Beyond immediate threats to lives and property, wildland fire has multiple impacts on northern environments and residents. Smoke can be widespread and compromise health, particularly in vulnerable populations (Reid et al., 2016). Wildfire smoke can also limit visibility and constrain aviation operations, including those supporting fire suppression and detection. Black carbon, derived from wildfires, is known to travel considerable distances and accelerate surface melting and thawing of snow and ice (Thomas et al., 2017). Removal of the surface organic layer by combustion has been shown to initiate the development of thermokarst in both boreal and tundra soils, which are rich in permafrost (Jorgenson et al., 2010; Jones et al., 2015).
Climate is a dominant control of fire activity in both boreal and tundra ecosystems. The relationship between climate and fire is strongly nonlinear, with the likelihood of fire occurrence within a 30-year period much higher where mean July temperatures exceed 13.4° C (56° F) (Young et al., 2017). High latitude fire regimes appear to be responding rapidly to recent environmental changes associated with the warming climate. Although highly variable, area burned has increased over the past several decades in much of boreal North America (Kasischke and Turetsky, 2006; Gillett et al., 2004). Since the early 1960s, the number of individual fire events and the size of those events has increased, contributing to more frequent large fire years in northwestern North America (Kasischke and Turetsky, 2006). Figure 1 shows annual area burned per year in Alaska (a) and Northwest Territories (b) since 1980, including both boreal and tundra regions.
Fig. 1. Annual area burned per year in Alaska (a) and Northwest Territories (b) since 1980, including both boreal and tundra regions. Note that high fire years are not coincident in these sub-regions, indicating the importance of local weather conditions. "Normal" is the middle tercile (33rd-66th percentiles) of the fitted distribution.

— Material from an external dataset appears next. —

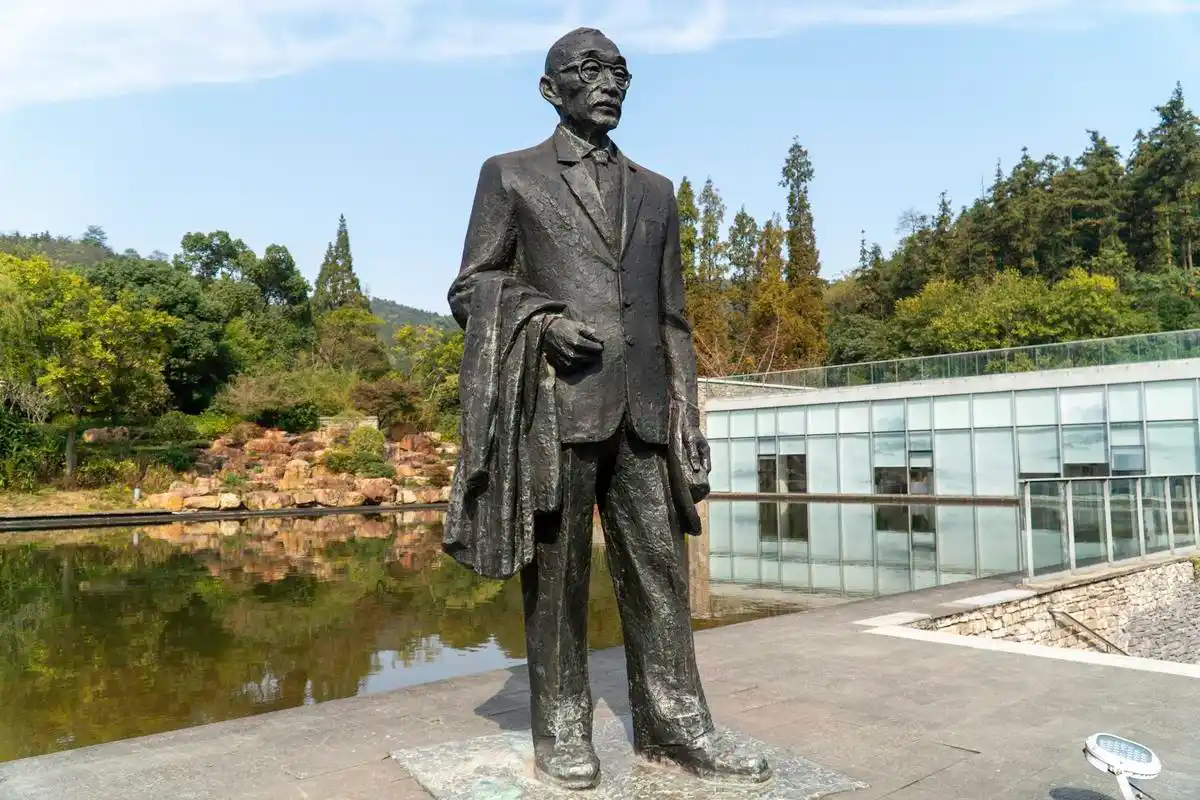 49年梁希不想当农垦部部长,特意给周总理写信:我想回南京教书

Recent large fire seasons in high latitudes include 2014 in the Northwest Territories, where 385 fires burned 8.4 million acres, and 2015 in Alaska, where 766 fires burned 5.1 million acres (Figs. 1 & 2)—more than half the total acreage burned in the US (NWT, 2015; AICC, 2015). Multiple northern communities have been threatened or damaged by recent wildfires, notably Fort McMurray, Alberta, where 88,000 people were evacuated and 2400 structures were destroyed in May 2016. Examples of recent significant tundra fires include the 2007 Anaktuvuk River Fire, the largest and longest-burning fire known to have occurred on the North Slope of Alaska (256,000 acres), which initiated widespread thermokarst development (Jones et al., 2015). An unusually large tundra fire in western Greenland in 2017 received considerable media attention.
Fig. 2. MODIS false color image of Alaska on September 1, 2015, showing burn scars, mostly from the 2015 fire season. Image from NASA Earth Observatory.
Large fire events such as these require the confluence of receptive fuels that will promote fire growth once ignited, periods of warm and dry weather conditions, and a source of ignition—most commonly, convective thunderstorms that produce lightning ignitions. High latitude ecosystems are characterized by unique fuels—in particular, fast-drying beds of mosses, lichens, resinous shrubs, and accumulated organic material (duff) that underlie dense, highly flammable conifers. These understory fuels cure rapidly during warm, dry periods with long daylight hours in June and July. Consequently, extended periods of drought are not required to increase fire danger to extreme levels in these systems.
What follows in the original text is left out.